大日本古文書家わけ第十九「醍醐寺文書別集 満濟准后日記紙背文書之一」

家わけ醍醐寺文書は既に九冊を刊行し、なお継続中であるが、それとは別に同寺所蔵の満済准后日記の紙背文書を別集として刊行した。
同日記は自筆原本が応永十八年正月より永享七年四月まで現存し、そのうち応永二十九年十二月までを載せる国立国会図書館架蔵の十一巻は、具注暦の裏面に記されて紙背文書をもたない。この別集に収めるのは、応永三十年以後を載せる同寺所蔵三十六冊の冊子本の紙背文書である。

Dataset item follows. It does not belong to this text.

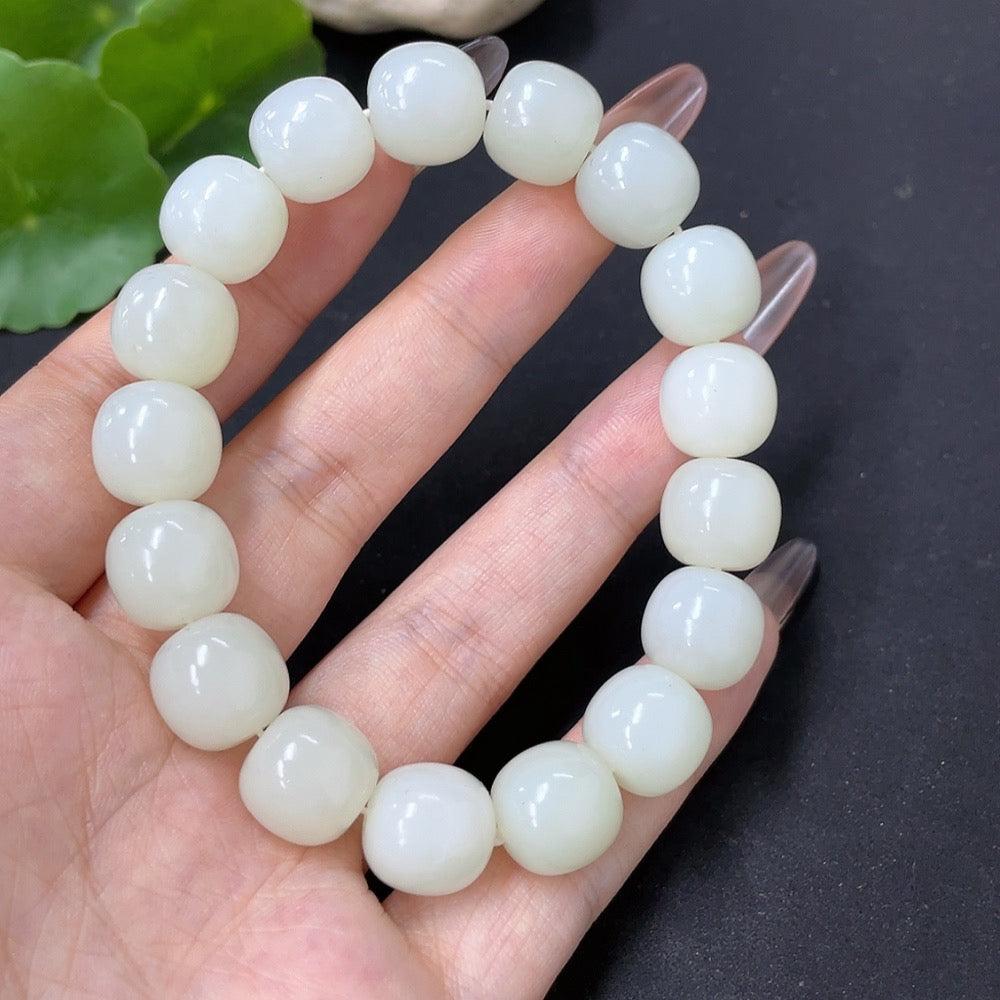 Hetian Jade Bracelet, approx. 11.5mm, total weight approx. 48.6g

この分については、ほとんどの用紙が紙背をもち、総点数は二千通近くに達するものと推定される。ただし日記に利用するに際しての裁断、および配列の著しい不連続性、さらに編纂に原本を利用できなかったという事情も加わって、文書の原状を復元し得ないものが多かった。
内容的には満済自身の自筆文書と、他から彼に充てられたものに大別されるが、前者には文字の塗抹もなく、あるいは他に充てられた後、満済の許に返却された正文ではないかと想像されるものも若干存在したが、もとより確証なく、文書名はすべて土代とした。後者では満済のあと座主職をつぐ宝池院義賢の大量の書状が目立ち、恐らく特定の個人から特定の個人に充てられた中世文書としては、現存最多なものと考えられる。何れも京都法身院在住の義賢から、醍醐入寺中の満済に充てたものである。その他では地蔵院持円、実相院増詮(義運)、聖護院道意、浄土寺持弁、随心院祐厳ら、何れも将軍義教の護持僧グループのものが多く、この紙背以外に自筆文書の存在が知られていないものも少くない。
表日記との関連についていえば、意外に関係する記事が少く、この日記が個人的な音信、往来等の記事をほとんど載せない公的日記の色彩が強いことを推定させる。
なおこの別集は、古文書部が特に中世史料部(第七編)の協力を得て編纂した。